私自信も日本育英会(今の学生支援機構)の奨学金を借りており,まだ残があります.博士課程まで進むと,順調にいっても27歳までかかるので,経済面も大きなネックになり得ると考えます.ずっと不景気(学部~大学院時代の経済的な出来事:ヤオハン破綻・拓銀破綻・山一証券破綻…)で,我々の世代が社会に出てからずっと景気は良くない(最近やっと,アベノミクスといわれておりますが)ため,現実という名のがん細胞はなかなか手強いと考えます.今の現役の方々も同様に経済面・進路面の問題は大きいのでは?と思っております.

また,私的な事項ですが,私は弱視なのですが,それでもなにも問題なく教育・研究を行い得たことは,岩手大学の懐の深さであろうと思っております.ありがたい話です.

(特に,修士課程~博士課程でお世話になった三浦研究室の皆様および,博士最後の1年間お世話になった安部正人教授ほか同研究室の皆様に深謝いたします)

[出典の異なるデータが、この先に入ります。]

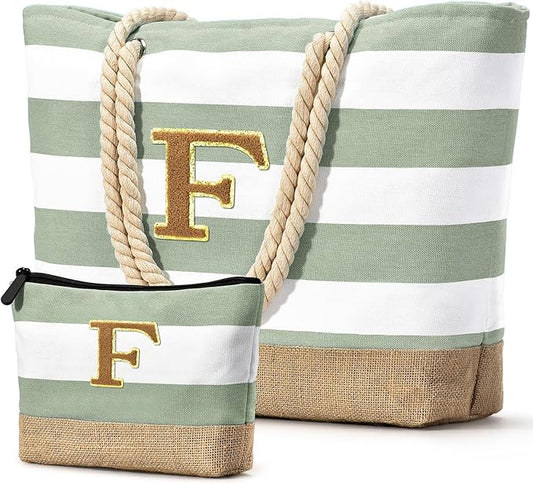 Becokan Beach Bag Initial Beach Tote with Makeup Bag for Travel Work Storage Personalized Birthday Gifts for Women Her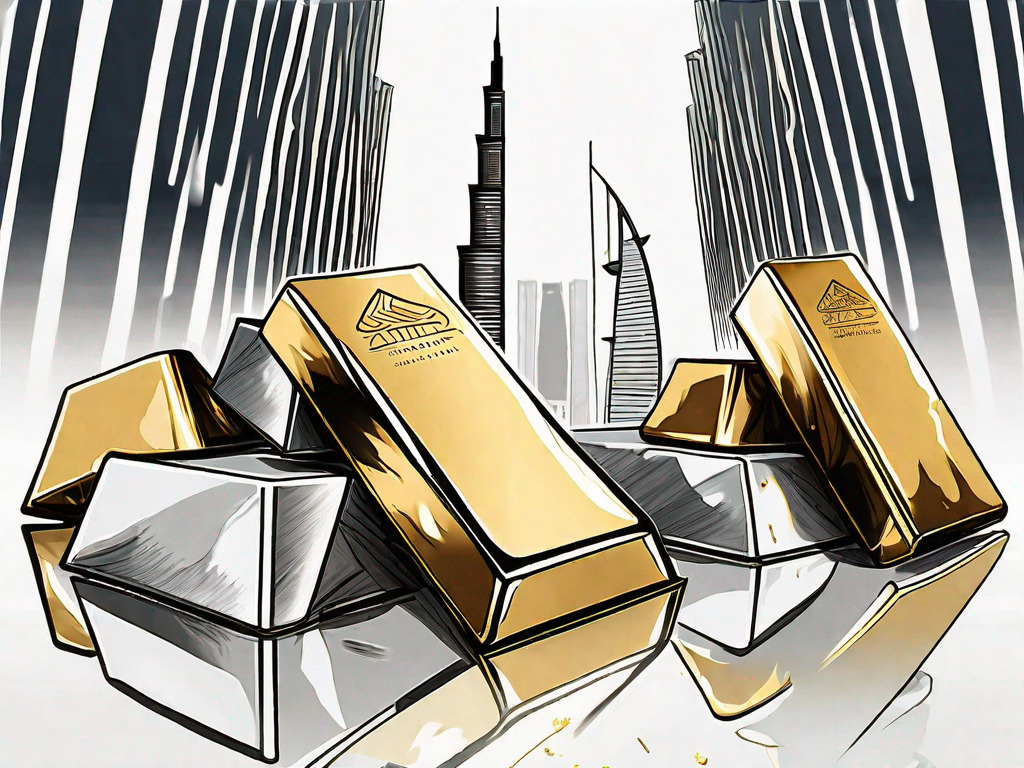 A pile of shiny gold bars with the uae's iconic skyscraper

・現在の仕事の中で博士課程時代の研究や経験が生かされていることはありますか。あるとすればどういったことでしょうか。

純粋な研究,ということであれば,三浦研究室に関連のあった先生である,情報処理センターの吉田等明准教授を中心とした企業との共同研究((株)P&Aテクノロジーズ,大井電気(株))に,いまでも参画していることがあげられます.これは,私が在学中にした事の発展系でもあるのですが,ゆめ県土岩手戦略的研究推進事業からの補助金により,情報セキュリティ製品を製品化することが出来ました.

(参考:岩手産業振興センターの記事 http://www.joho-iwate.or.jp/sangyo/back/0608/pdf/p04-05.pdf

また,前述したとおり,現任校において,大学の情報教育研究用計算機・ネットワークなどを選定する委員会におりますが,システム選定のコンペ,運営委員会などを滞りなく進めていくに当たり,研究室での経験は大いに役に立っています.

・その他になにかありましたらどうぞ

個人的に,学生生協はありがたかったです.各食堂(工学部食堂,中央食堂,農学部食堂)で味・メニューが違うとか,工学部食堂名物の焼きカレーとか.焼きカレーはよく食べていた,懐かしい味です.
研究室での行事も,良い思い出です.

〈博士学生へ一言〉

岩手大は,広い敷地,研究しやすい環境,多くの教官がおり,じっくりと腰を据えて物事するには適していると思います.

遊びというか,柔軟な思考も失うことなく(適度な趣味や,考え方の転換になる活動は必要では?視野狭窄はinnovationを生みにくいのでは?と思っているので),自らの課題に果敢に挑戦されますことを祈念します.